Jeff lives with his father, Morty. He hates him because he drinks — not just one or two beers, but wine out of the box … and all day long. Jeff hates Morty because of what he does when he gets drunk. When he’s staggering from too much vino, he goes to the bathroom and leaves little drops of shit on the floor.
One time Jeff looked out the living room window and saw Morty walking up the block all bow-legged, like a cowboy who just got off his horse. Jeff thought: “Looks like he’s got something stuck up his ass.” Later that afternoon, Jeff found out that it wasn’t what Morty had stuck up his ass — it was what he had let loose from it: a load of crap. The evidence: boxer shorts — all 10 pounds of it — left in the sink in the downstairs powder room.
In the summer, Morty leaves the air conditioning running full blast on the hottest days — but with the windows open, too. Jeff gets electric bills for $500 and more a month. He’s tried to get Morty to stop, but the man refuses to change his behavior. About the only thing Jeff can do is take money from his father’s wallet to help pay the bills.
Morty tries to help cut the household’s carbon footprint by dropping kitchen waste out the backyard window onto the patio: banana peels, coffee grinds, egg shells and sometimes things that are harder to decompose — like used condoms.
When Morty drinks too much he says strange things — like the time he let 4 Vietnamese kids from down the block swim in the pool in the yard, talking to them the whole time about how he had to tough it out with his Marine buddies during the Tet Offensive. Jeff overheard Morty tell the kids that he helped protect their country from communism when he was stationed in Saigon.
Morty was never in Vietnam, and never in the service. The only uniform he ever wore was in the 80s: tight short pants and red-striped tube socks. It was his get-up, as he went around in endless circles to the beat of disco at RollerWorld, an indoor rolling rink not far from the family home.
Not long ago, Jeff called me up. “I’ve got to get out of this house. I can’t live here anymore,” he said. “I’m going to tell that bastard that if he doesn’t stop drinking and go to rehab, I’m going to sell my share of the house.”
But Morty didn’t want to stop drinking Chardonnay. So Jeff contacted a lawyer and started the legal work to get out. Once Jeff made his decision, he felt better about his future, and he started talking about finding his own place and the “right woman” to help fill his days.
Still, Jeff felt he had a lot of work to do to resolve issues with his father. That was the contradiction about Jeff; he could use words like “broad” and call people “butt-nut,” but if you were sitting in the diner with him, and he was talking about something deep, something that hurt, he’d start to cry. He could give two shits that Mrs. Weinstein from down the block was sitting in the next booth listening to every word he said.

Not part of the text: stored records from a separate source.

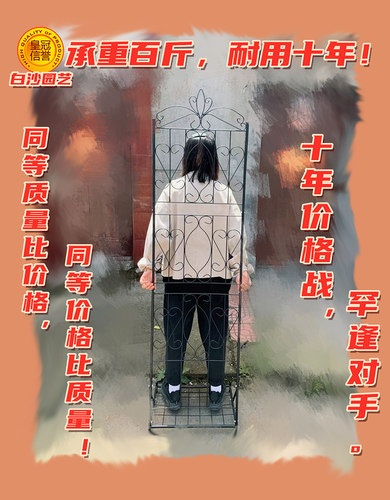 带底座阳台落地欧式屏风架室内庭院铁线莲花幕爬藤架园艺花架包邮 - 图2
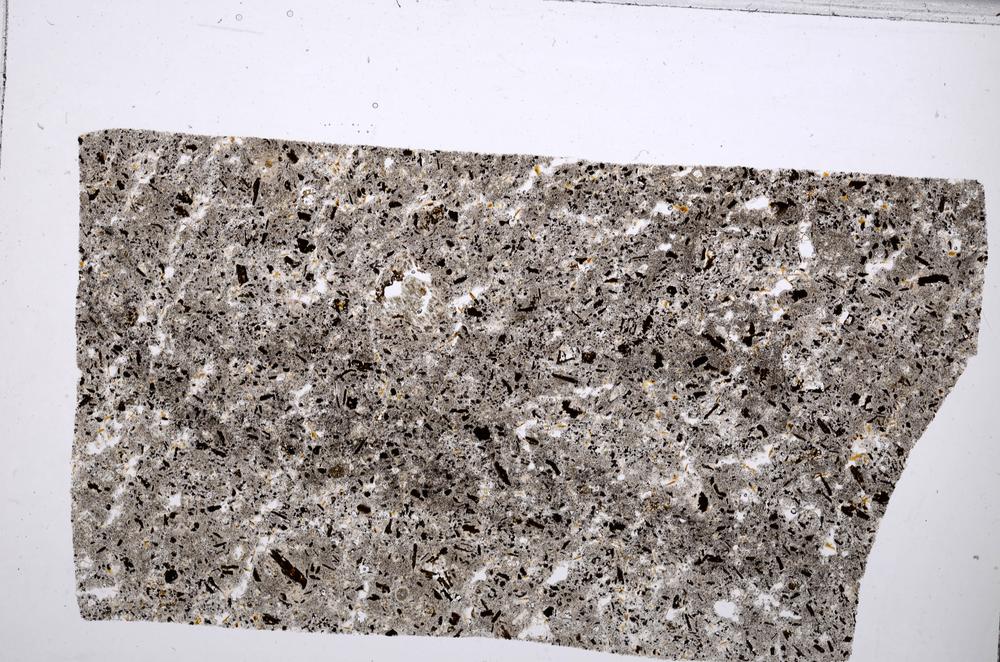 Plane Polarized, E65331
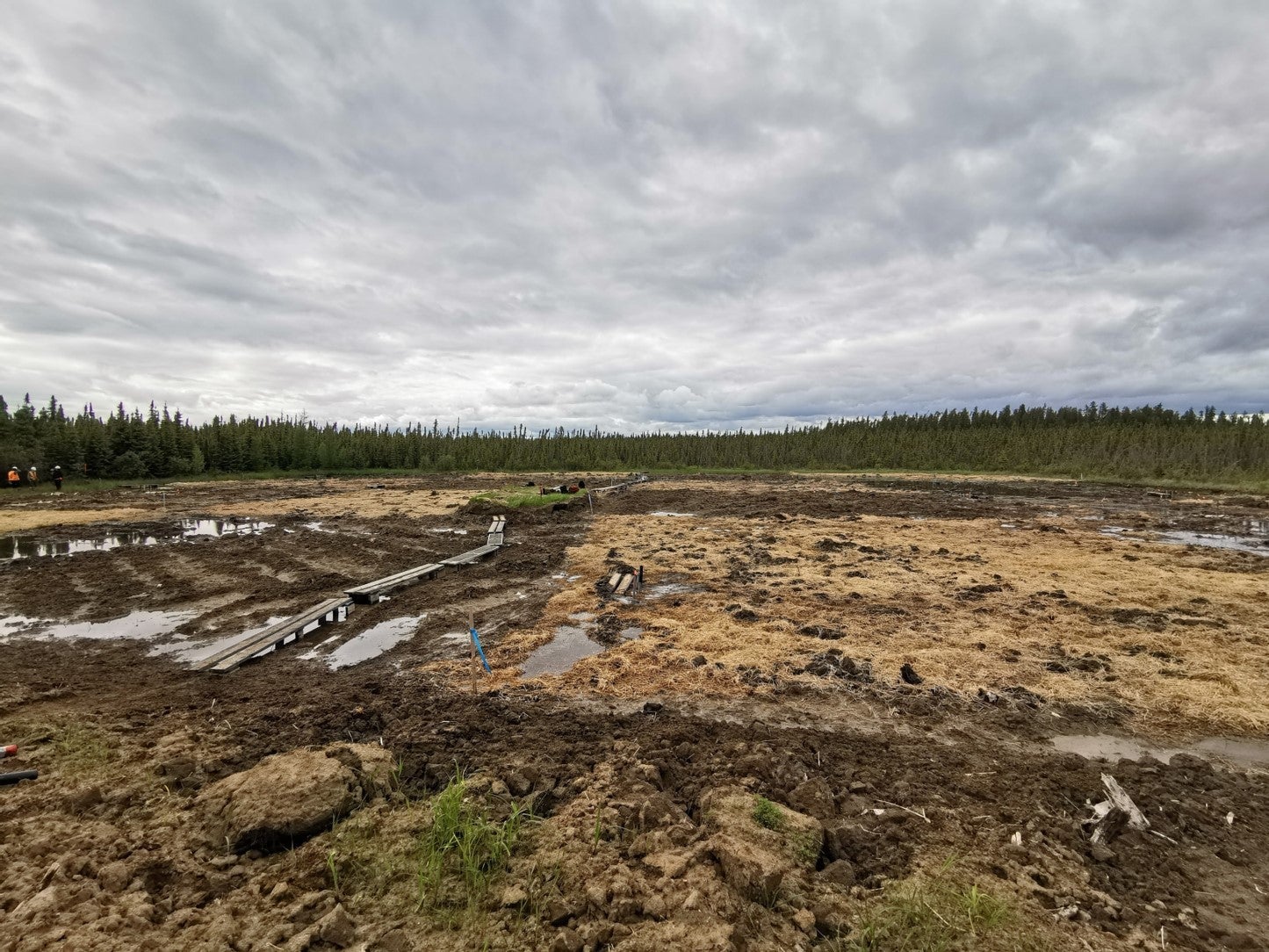 Damaged landscape shows moss planted before it established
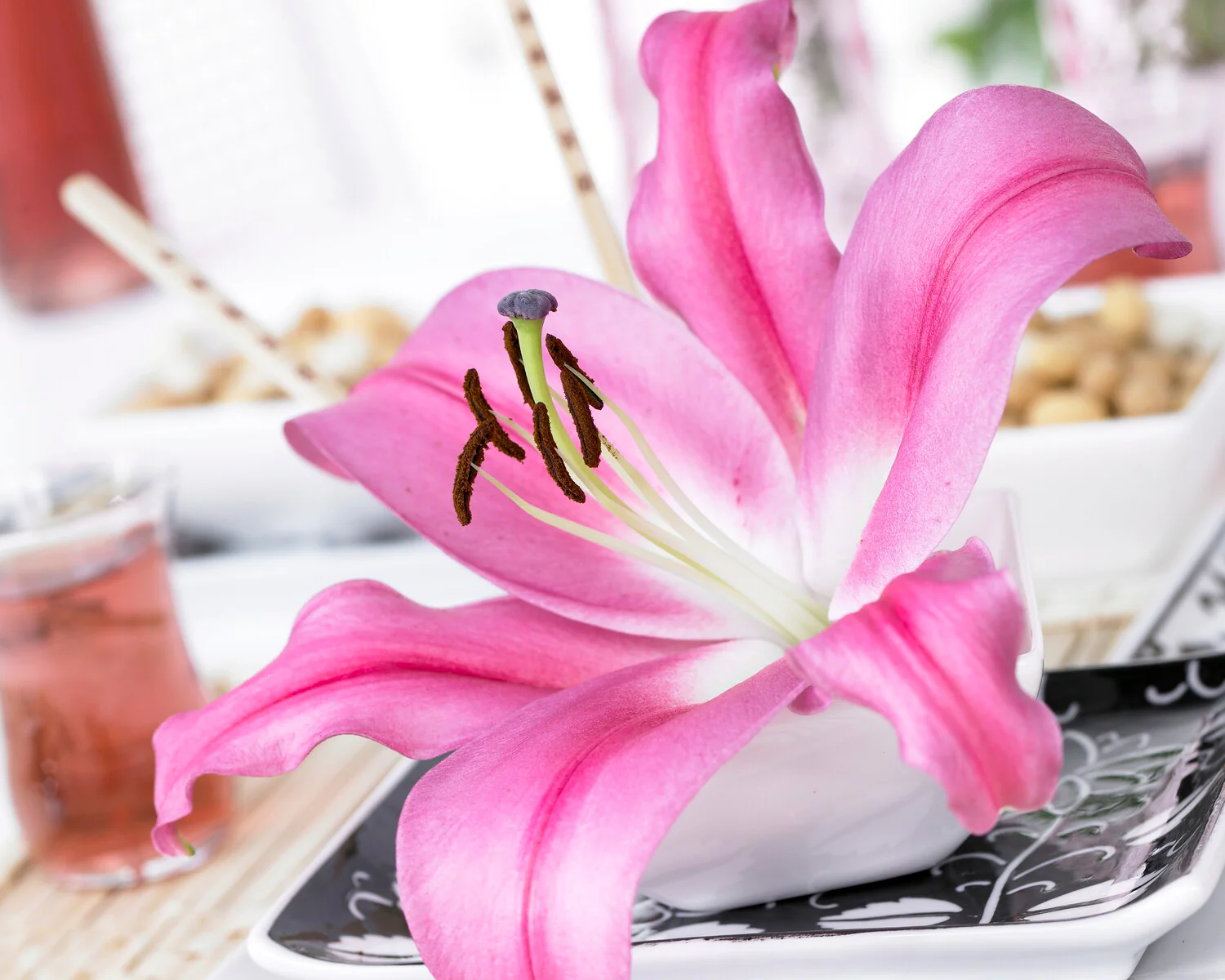 Lily 'Robina' - Image 4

After an Alanon meeting, on a night so bitter even the Russian guys who cut my hair would have been cold, we went to the diner. Jeff told me that his father used to beat him. “He came home from fixing TVs, and he was totally fucked up in the head — angry about something,” Jeff said. “I think I was about 6; he dragged me down the basement to make me clean up my toys.”
Jeff paused and drew a deep breath. “Then, when I was done, he took me in the laundry room and stuffed me in one of those canvas laundry bags. He closed it up so it was dark in there, and then he kicked and kicked me.”

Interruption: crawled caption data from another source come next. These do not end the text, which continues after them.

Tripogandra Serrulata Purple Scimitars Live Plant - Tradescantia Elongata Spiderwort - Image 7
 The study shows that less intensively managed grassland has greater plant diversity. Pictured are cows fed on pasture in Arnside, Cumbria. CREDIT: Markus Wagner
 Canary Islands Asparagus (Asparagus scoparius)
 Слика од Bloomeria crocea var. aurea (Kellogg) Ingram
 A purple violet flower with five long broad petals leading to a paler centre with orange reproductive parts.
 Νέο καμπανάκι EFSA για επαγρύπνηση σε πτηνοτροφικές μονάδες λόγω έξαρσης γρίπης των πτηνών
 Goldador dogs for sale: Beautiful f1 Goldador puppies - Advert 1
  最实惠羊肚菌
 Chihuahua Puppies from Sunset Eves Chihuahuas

You could tell it bothered Jeff a lot — 33 years later. The whole time he was telling me that, he was looking down at his cheeseburger. Little drops of tears were falling in his french fries. Then, as though his soul had been cleansed a little, he started talking about how lousy the Yankees were playing.
About a month ago, Jeff called me to say that he felt like drinking again. “Listen, douche bag,” he said. “I need to start going to more AA meetings. So, I won’t be able to come to the Friday night Alanon meeting anymore.”
I felt sad that we wouldn’t be spending as much time together. But I learned in Alanon that you have to take care of yourself … because the drunk you live with won’t take care of you. So, I told him that I respected his decision…but I was sure things wouldn’t be the same.
It wasn’t long before I got text messages from the colostomy bag himself asking to meet for breakfast. We were back to unloading … laughing … and sometimes — even if Mrs. Weinstein was listening — crying.